Master plan for Solar City ready

City can potentially achieve the prescribed target well within five years.

June 13, 2015 12:00 am | Updated 07:52 am IST

The master plan for the solar city project of the Kochi Corporation is ready.

Kochi is among the 60 cities selected by the Union Ministry of New and Renewable Energy for the solar city initiative. A release issued by the local body said the master plan was prepared by the International Council for Local Environmental Initiatives (ICLEI). Mayor Tony Chammany received the master plan from Sunandan Tiwari, Deputy Director of ICLEI, at New Delhi.

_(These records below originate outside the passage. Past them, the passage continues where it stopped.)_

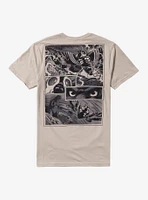 Godzilla Mothra Manga Double-Sided T-Shirt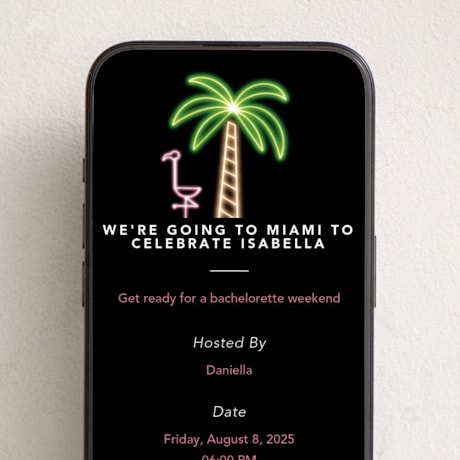 Online Bachelorette Party Invitations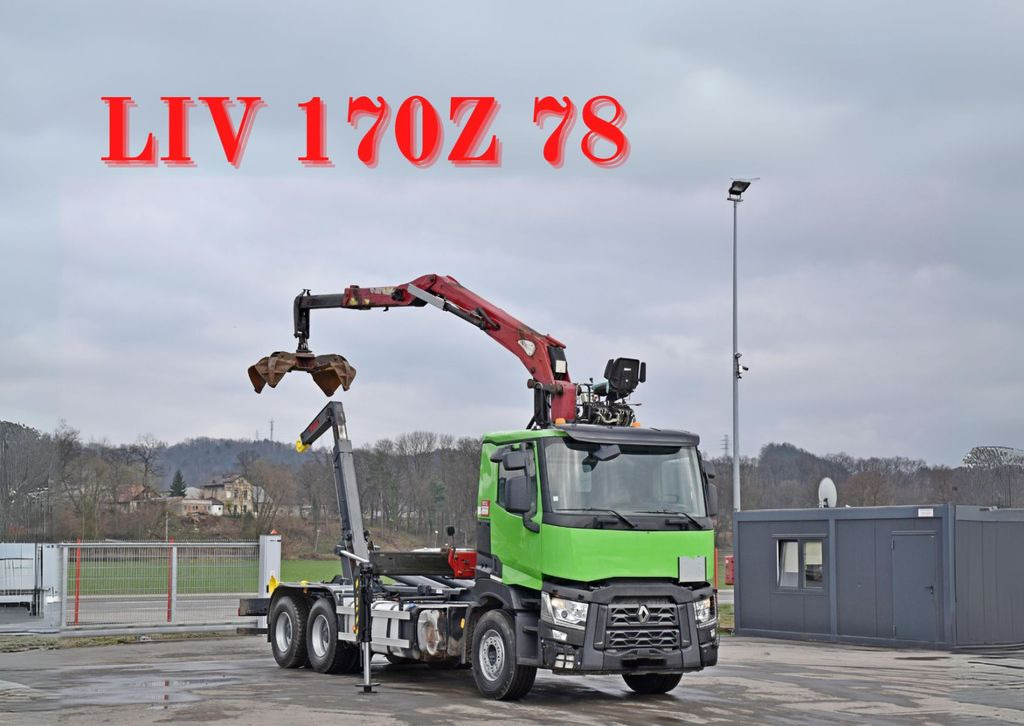 Renault C430* ABROLLKIPPER *LIV 170Z 78 * 6x4 - Camión multibasculante, Camión grúa: foto 1 Renault C430* ABROLLKIPPER *LIV 170Z 78 * 6x4 - Camión multibasculante, Camión grúa: foto 1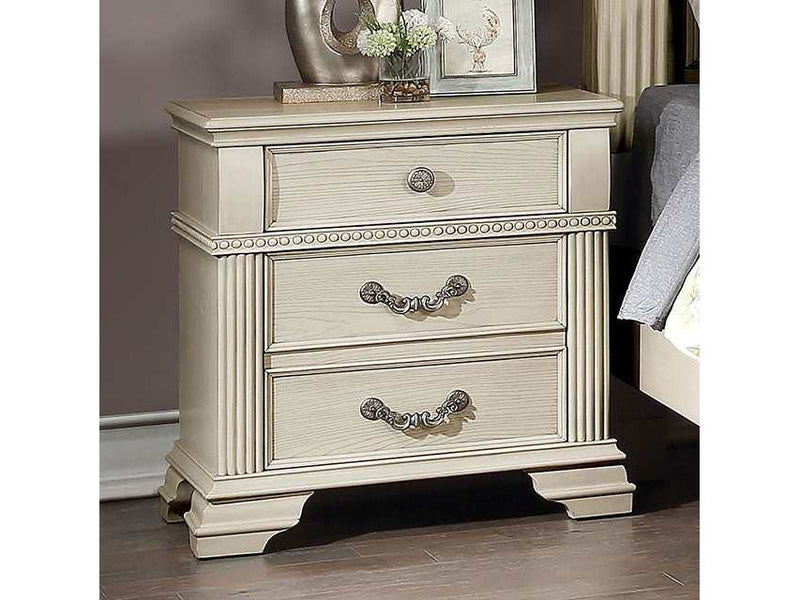 Pamphilos Antique White Nightstand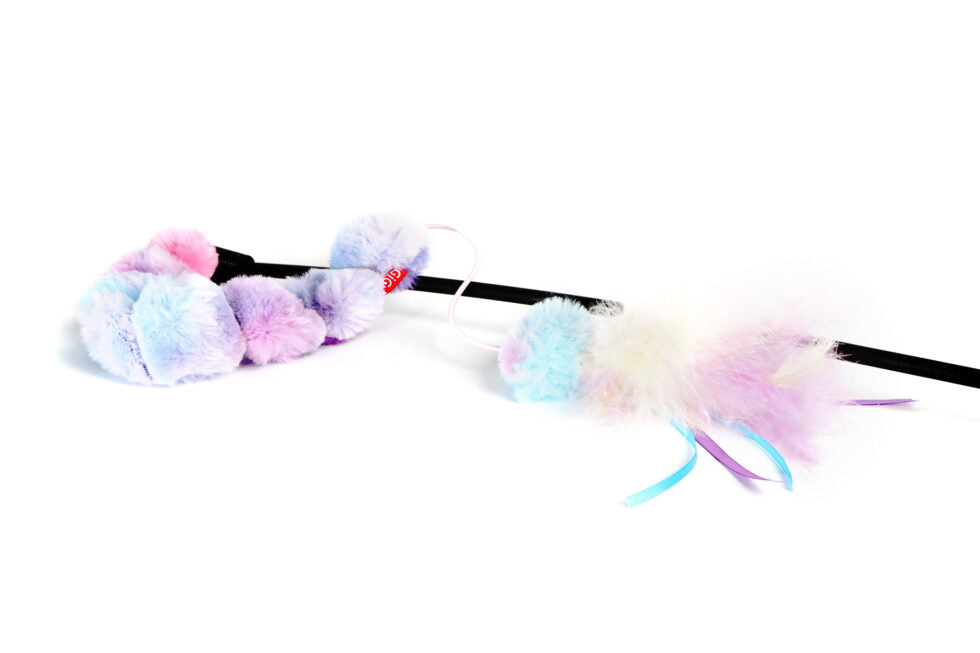 GiGwi Ice Cream Feather Teaser Wand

The Centre has earmarked Rs. 50 lakh for the Kochi solar city project. ANERT (Agency for Non-conventional Energy and Rural Technology), the State nodal agency for the project, has sanctioned Rs. 19.42 lakh out of the Rs. 50 lakh to the corporation. The master plan will soon be presented before the corporation council. The total indicative budget for developing Kochi as a solar city is estimated at Rs. 696.59 crore. The funds will be invested over the five years of its implementation period. The total budget will be shared by the State government and the city authority, the Ministry of New and Renewable Energy, and private users.

Estimates in the master plan suggested that the energy consumption in Kochi by 2021 under the highest growth scenario is 975 million units (MU). This gives the city a 10 per cent reduction goal of 97.5 MU.

Experts pointed out that a reduction through cumulating renewable energy and energy efficiency initiatives in the city render an aggregate reduction of 155.42 MU over five years.

Renewable energy interventions alone can achieve 93.64-MU reduction with a substantial contribution towards the overall reduction from industrial (33.25 per cent) and residential (29.36 per cent) sectors.

According to the master plan, savings in energy brought about by energy efficiency programmes is 63.04 MU over the same five year period with major contributions from initiatives undertaken in industrial (22.4 per cent) and residential (27.32 per cent) sectors. With targeted projects such as installation of solar water heaters and replacement of DG sets with photovoltaic systems, the city could potentially achieve the prescribed target well within five years, it said.